◆ **How to complete this task**
Every record below needs to be printed again exactly.

[Dataset entries]
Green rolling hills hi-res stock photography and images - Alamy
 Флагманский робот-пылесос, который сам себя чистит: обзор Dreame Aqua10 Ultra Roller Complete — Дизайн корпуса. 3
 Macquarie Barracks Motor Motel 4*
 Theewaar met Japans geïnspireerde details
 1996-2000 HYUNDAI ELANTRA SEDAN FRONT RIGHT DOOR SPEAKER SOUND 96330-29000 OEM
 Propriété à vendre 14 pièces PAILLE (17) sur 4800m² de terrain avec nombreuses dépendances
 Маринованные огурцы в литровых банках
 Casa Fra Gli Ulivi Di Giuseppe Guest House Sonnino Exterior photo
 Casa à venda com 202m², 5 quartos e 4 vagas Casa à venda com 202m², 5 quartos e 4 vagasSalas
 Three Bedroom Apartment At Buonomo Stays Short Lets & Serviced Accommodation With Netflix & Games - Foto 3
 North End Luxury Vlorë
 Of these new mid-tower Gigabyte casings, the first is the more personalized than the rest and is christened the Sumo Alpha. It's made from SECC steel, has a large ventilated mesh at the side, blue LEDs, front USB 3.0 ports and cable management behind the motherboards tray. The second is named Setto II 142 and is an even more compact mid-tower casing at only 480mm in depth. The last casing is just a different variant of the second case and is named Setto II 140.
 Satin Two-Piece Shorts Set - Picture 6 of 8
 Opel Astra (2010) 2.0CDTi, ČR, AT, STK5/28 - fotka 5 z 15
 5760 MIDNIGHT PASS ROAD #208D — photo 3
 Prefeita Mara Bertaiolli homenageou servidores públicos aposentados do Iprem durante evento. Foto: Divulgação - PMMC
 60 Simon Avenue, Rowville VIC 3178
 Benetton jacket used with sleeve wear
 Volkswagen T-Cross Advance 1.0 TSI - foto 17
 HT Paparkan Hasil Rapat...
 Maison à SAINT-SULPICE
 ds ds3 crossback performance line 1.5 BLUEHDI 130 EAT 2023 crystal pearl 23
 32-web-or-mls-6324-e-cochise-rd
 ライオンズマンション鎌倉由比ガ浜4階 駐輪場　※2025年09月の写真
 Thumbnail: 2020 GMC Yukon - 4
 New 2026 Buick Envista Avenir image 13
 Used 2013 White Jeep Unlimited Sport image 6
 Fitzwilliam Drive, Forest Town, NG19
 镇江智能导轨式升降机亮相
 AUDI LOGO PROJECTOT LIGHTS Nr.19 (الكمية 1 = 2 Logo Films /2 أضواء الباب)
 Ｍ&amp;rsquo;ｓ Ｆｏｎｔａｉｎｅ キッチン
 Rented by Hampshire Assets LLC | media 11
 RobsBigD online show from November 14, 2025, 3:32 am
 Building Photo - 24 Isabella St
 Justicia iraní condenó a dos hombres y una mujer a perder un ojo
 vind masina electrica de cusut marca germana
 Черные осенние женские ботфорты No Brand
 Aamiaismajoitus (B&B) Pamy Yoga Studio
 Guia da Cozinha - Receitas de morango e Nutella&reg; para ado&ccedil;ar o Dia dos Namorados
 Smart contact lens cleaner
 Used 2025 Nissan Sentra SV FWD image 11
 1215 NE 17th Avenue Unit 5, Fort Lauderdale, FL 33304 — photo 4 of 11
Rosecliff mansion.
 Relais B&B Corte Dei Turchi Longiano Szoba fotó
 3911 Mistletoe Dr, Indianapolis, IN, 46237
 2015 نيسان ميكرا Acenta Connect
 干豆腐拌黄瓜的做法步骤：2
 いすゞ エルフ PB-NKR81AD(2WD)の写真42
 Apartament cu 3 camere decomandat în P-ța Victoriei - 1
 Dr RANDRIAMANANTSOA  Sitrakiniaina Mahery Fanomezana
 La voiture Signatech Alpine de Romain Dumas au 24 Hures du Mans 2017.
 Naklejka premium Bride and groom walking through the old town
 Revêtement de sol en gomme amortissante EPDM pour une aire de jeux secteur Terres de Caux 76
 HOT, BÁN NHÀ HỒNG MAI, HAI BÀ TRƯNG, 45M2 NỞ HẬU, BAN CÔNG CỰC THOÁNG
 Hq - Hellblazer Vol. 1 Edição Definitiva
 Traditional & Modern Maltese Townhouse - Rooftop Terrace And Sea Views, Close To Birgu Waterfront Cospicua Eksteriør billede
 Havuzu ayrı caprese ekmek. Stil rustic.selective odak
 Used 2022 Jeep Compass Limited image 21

◆ **Result of the task**
Green rolling hills hi-res stock photography and images - Alamy
 Флагманский робот-пылесос, который сам себя чистит: обзор Dreame Aqua10 Ultra Roller Complete — Дизайн корпуса. 3
 Macquarie Barracks Motor Motel 4*
 Theewaar met Japans geïnspireerde details
 1996-2000 HYUNDAI ELANTRA SEDAN FRONT RIGHT DOOR SPEAKER SOUND 96330-29000 OEM
 Propriété à vendre 14 pièces PAILLE (17) sur 4800m² de terrain avec nombreuses dépendances
 Маринованные огурцы в литровых банках
 Casa Fra Gli Ulivi Di Giuseppe Guest House Sonnino Exterior photo
 Casa à venda com 202m², 5 quartos e 4 vagas Casa à venda com 202m², 5 quartos e 4 vagasSalas
 Three Bedroom Apartment At Buonomo Stays Short Lets & Serviced Accommodation With Netflix & Games - Foto 3
 North End Luxury Vlorë
 Of these new mid-tower Gigabyte casings, the first is the more personalized than the rest and is christened the Sumo Alpha. It's made from SECC steel, has a large ventilated mesh at the side, blue LEDs, front USB 3.0 ports and cable management behind the motherboards tray. The second is named Setto II 142 and is an even more compact mid-tower casing at only 480mm in depth. The last casing is just a different variant of the second case and is named Setto II 140.
 Satin Two-Piece Shorts Set - Picture 6 of 8
 Opel Astra (2010) 2.0CDTi, ČR, AT, STK5/28 - fotka 5 z 15
 5760 MIDNIGHT PASS ROAD #208D — photo 3
 Prefeita Mara Bertaiolli homenageou servidores públicos aposentados do Iprem durante evento. Foto: Divulgação - PMMC
 60 Simon Avenue, Rowville VIC 3178
 Benetton jacket used with sleeve wear
 Volkswagen T-Cross Advance 1.0 TSI - foto 17
 HT Paparkan Hasil Rapat...
 Maison à SAINT-SULPICE
 ds ds3 crossback performance line 1.5 BLUEHDI 130 EAT 2023 crystal pearl 23
 32-web-or-mls-6324-e-cochise-rd
 ライオンズマンション鎌倉由比ガ浜4階 駐輪場　※2025年09月の写真
 Thumbnail: 2020 GMC Yukon - 4
 New 2026 Buick Envista Avenir image 13
 Used 2013 White Jeep Unlimited Sport image 6
 Fitzwilliam Drive, Forest Town, NG19
 镇江智能导轨式升降机亮相
 AUDI LOGO PROJECTOT LIGHTS Nr.19 (الكمية 1 = 2 Logo Films /2 أضواء الباب)
 Ｍ&amp;rsquo;ｓ Ｆｏｎｔａｉｎｅ キッチン
 Rented by Hampshire Assets LLC | media 11
 RobsBigD online show from November 14, 2025, 3:32 am
 Building Photo - 24 Isabella St
 Justicia iraní condenó a dos hombres y una mujer a perder un ojo
 vind masina electrica de cusut marca germana
 Черные осенние женские ботфорты No Brand
 Aamiaismajoitus (B&B) Pamy Yoga Studio
 Guia da Cozinha - Receitas de morango e Nutella&reg; para ado&ccedil;ar o Dia dos Namorados
 Smart contact lens cleaner
 Used 2025 Nissan Sentra SV FWD image 11
 1215 NE 17th Avenue Unit 5, Fort Lauderdale, FL 33304 — photo 4 of 11
Rosecliff mansion.
 Relais B&B Corte Dei Turchi Longiano Szoba fotó
 3911 Mistletoe Dr, Indianapolis, IN, 46237
 2015 نيسان ميكرا Acenta Connect
 干豆腐拌黄瓜的做法步骤：2
 いすゞ エルフ PB-NKR81AD(2WD)の写真42
 Apartament cu 3 camere decomandat în P-ța Victoriei - 1
 Dr RANDRIAMANANTSOA  Sitrakiniaina Mahery Fanomezana
 La voiture Signatech Alpine de Romain Dumas au 24 Hures du Mans 2017.
 Naklejka premium Bride and groom walking through the old town
 Revêtement de sol en gomme amortissante EPDM pour une aire de jeux secteur Terres de Caux 76
 HOT, BÁN NHÀ HỒNG MAI, HAI BÀ TRƯNG, 45M2 NỞ HẬU, BAN CÔNG CỰC THOÁNG
 Hq - Hellblazer Vol. 1 Edição Definitiva
 Traditional & Modern Maltese Townhouse - Rooftop Terrace And Sea Views, Close To Birgu Waterfront Cospicua Eksteriør billede
 Havuzu ayrı caprese ekmek. Stil rustic.selective odak
 Used 2022 Jeep Compass Limited image 21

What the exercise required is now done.